Zum Auftakt für eine neue Bildungsoffensive im Programm Soziale Stadt haben sich Pädagoginnen mit Elternschaft, Erwachsenenbildung, Vereinen, Kirchen, Kommunalpolitik, Gemeindeverwaltung und Gesundheitsdiensten im Bürgerzentrum getroffen.
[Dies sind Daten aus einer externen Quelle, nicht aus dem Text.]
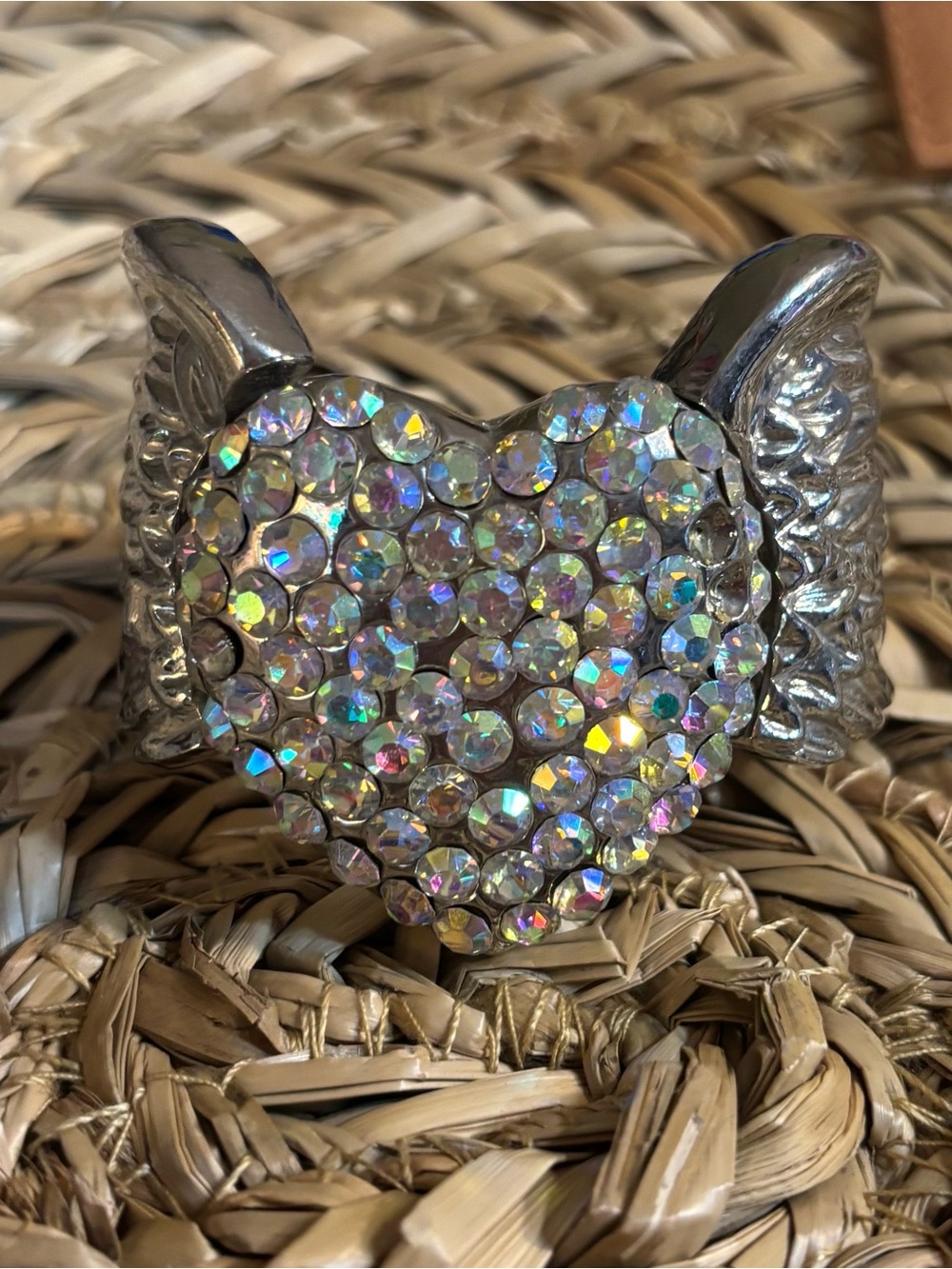 Silver Heart Wing Crystal cuff bracelet - Iridescent Stones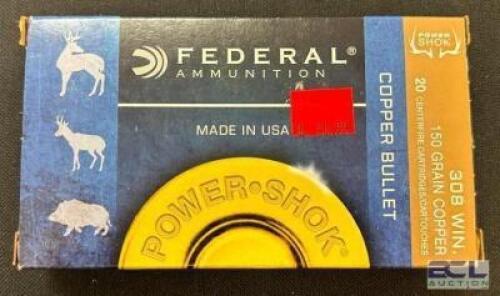 DESCRIPTION (2) 20CT BOXES OF 308 WINCHESTER COPPER AMMO BRAND / MODEL: FEDERAL ADDITIONAL INFORMATION 150 GRAIN SIZE $40.99 EACH LOCATION AMMO WALL Q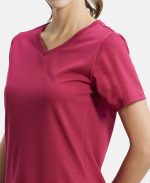 Jockey AW88 Women's Super Combed Cotton Rich Relaxed Fit Solid Curved Hem Styled Half Sleeve T-Shirt - Image 6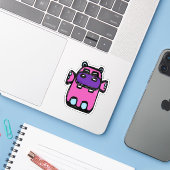 Op maat gesneden vinyl sticker - Henrietta Hippo (Laptop met iPhone)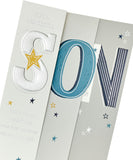Elegant foil son's birthday greeting card with colorful design, featuring shiny accents and a heartfelt message for special celebrations.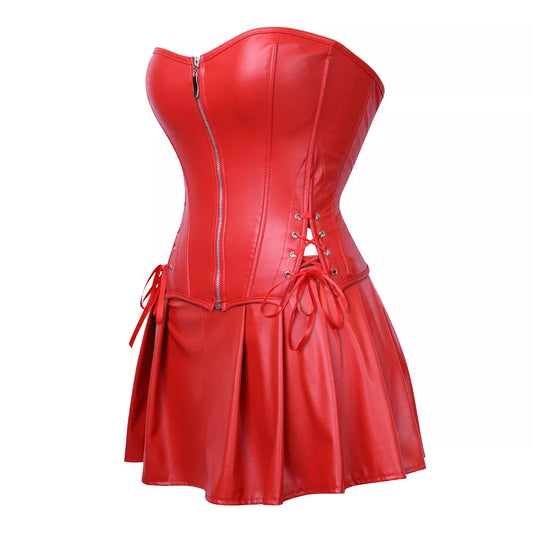 Leather Corset Dress Leather Corset Outfit with Zipper Front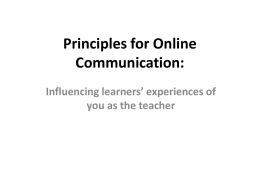 Principles for Online Communicationx
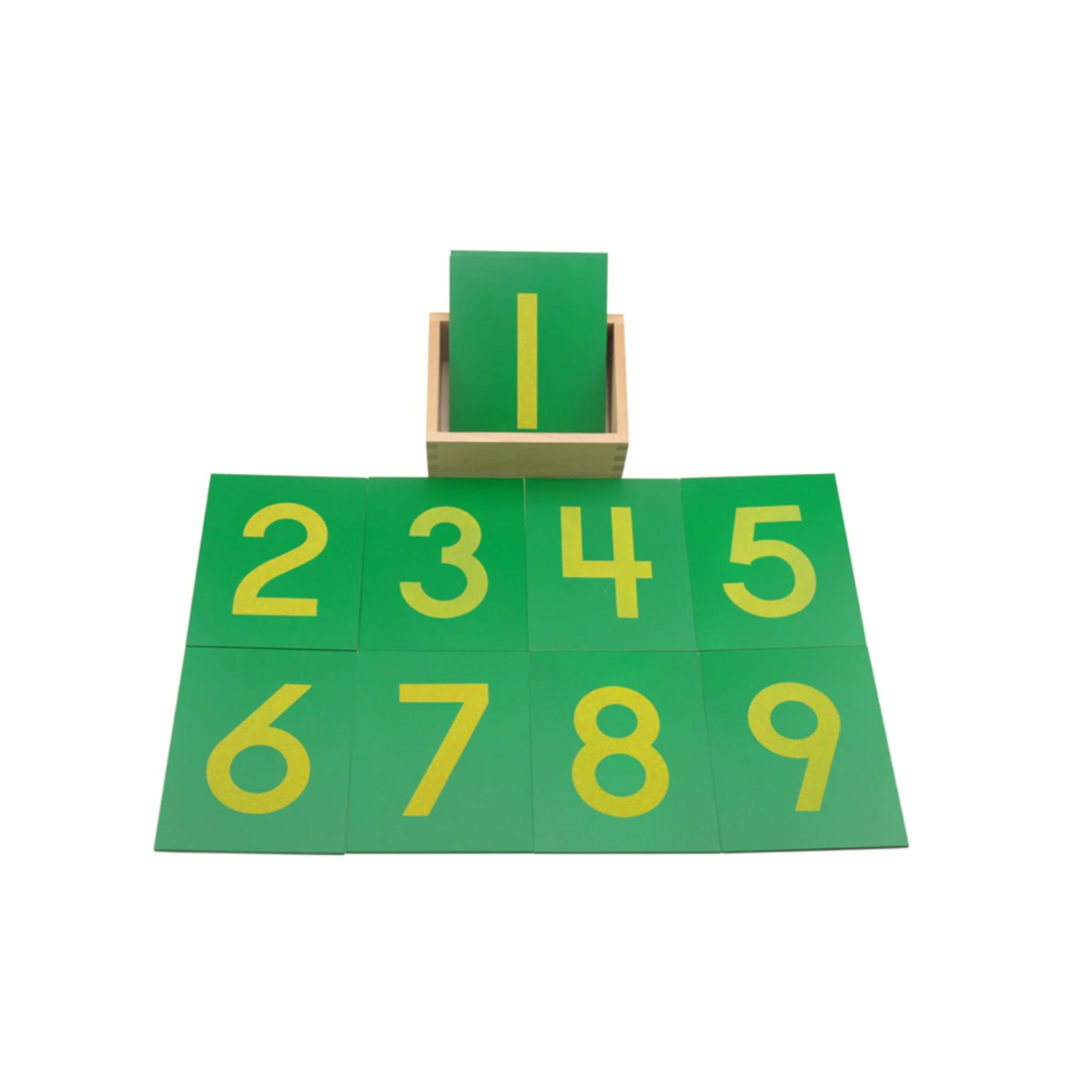 Montessori sandpaper numerals in a wooden box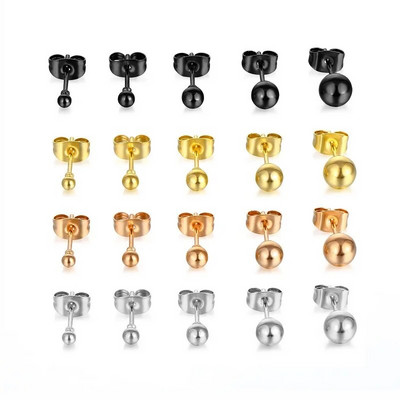 Simple Design Bead Stainless Steel Stud Earrings for Men Women Basic Piercing Earring Jewelry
Erste Bürgermeisterin Elisabeth Ziegler eröffnete die Bildungskonferenz. Prof. Dr. Tilo Klöck (Hochschule München) erläuterte das Vorhaben und die Ziele:
Vieles werde schon getan für die Bildung in Familien, KiTas, Horten, Schulen, der Bücherei, in den Vereinen und Kirchengemeinden, in der Erwachsenen- und Elternbildung. Der Bildungserfolg beginnt zuhause und Sprache ist der Schlüssel. Darin war man sich einig. Allerdings ist die Bildungsbeteiligung viel zu stark abhängig von der sozialen Lage der Familien. Vorhandene Talente kommen nicht immer zur Geltung. Vorhandene Mehrsprachigkeit wäre eine wichtige Fähigkeit und eigentlich ein Schatz. Gute muttersprachliche Kompetenzen erleichtern alles insbesondere auch das Erlernen von Deutsch als Fremdsprache. Ein Erfahrungsaustausch über die Sprachförderung soll die Praxis noch mehr beflügeln und verstärken.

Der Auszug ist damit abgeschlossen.